I had no books by Arab nor Muslim authors growing up. There were no Muslim books and none that spoke of my reality or my friends’. There were none featuring unapologetic hijabi Muslims who were successful in their lives with halal love and Muslim beliefs and traditions. A theme that reflects my own life. The first book I heard of which touched on that subject was LOVE FROM A TO Z by S.K Ali. It was published in 2019. I was 24 years old and had already written Lemon Trees and was working on it with Allie. You can just imagine how much publishing lacks representation in that matter. There are 1.8 billion Muslims in the world and just a couple of young adult books that represent them.

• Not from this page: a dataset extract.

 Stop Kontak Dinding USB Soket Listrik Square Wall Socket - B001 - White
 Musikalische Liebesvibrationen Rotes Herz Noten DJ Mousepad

And only one featuring a halal love story and a character who loves her hijab. Much to think about really.
To write Lemon Trees, I became my own inspiration. I wrote a halal love story, a protagonist who has a loving relationship with her parents and older brother, who is proud of who she is, who is a hijabi, who is a pharmacist, who laughs and loves and lives with all she’s got. I wrote the first Syrian young adult protagonist in a contemporary. And I know she’s going to be the first of many others young Muslim authors will be writing.
6. Do you know when you’re at risk of burnout? What’s your form of self-care?
Burn-out hits me quickly and without warning. It usually happens after I’m glued to my chair for days editing for hours and hours. My self-care comes in the form of BTS, journaling and walking in the nearby woodland forest beside my apartment building. I also write cute scenes between my main character and love interest. Those actually help a lot because they’re fun, there’s no pressure and it gives me an insight into their personalities which helps in writing the story.
Ok, now it’s time for the ‘fun’ questions!
7. Lemons, Lemons, Lemons everywhere. Give us your top three lemon-based foods or beverages,
Sprite, of course! Lemon tarts and iced tea lemon flavored.
8. Unpopular book or writing opinion?
I guess I’m not a fan of the friends to lovers unless there’s a boatload of angst in there. Also I don’t think all books should have a happy ending. If a book’s ending is bittersweet and true to the story, it should be written like that.
9. It’s your debut day and your publisher is treating you to a manicure. Choose your design:
Oh my goodness! I would pick the design of B but with the nail style of C! I know I’d poke someone’s eye out by accident if they were as sharp as the ones in B!
Zoulfa Katouh is a Syrian Canadian living in Switzerland. She is currently doing her master's in Drug Sciences and finds Studio Ghibli inspiration in the mountains, lakes, and stars surrounding her. In her books, you will find strong girls, soft boys, magic, and where Muslims are the heroes of their stories. When she's not talking to herself in the woodland forest, she's telling everyone who would listen about how BTS paved the way and journaling. Her dream is to get Kim Namjoon to read one of her books. If that happens, she will expire on the spot.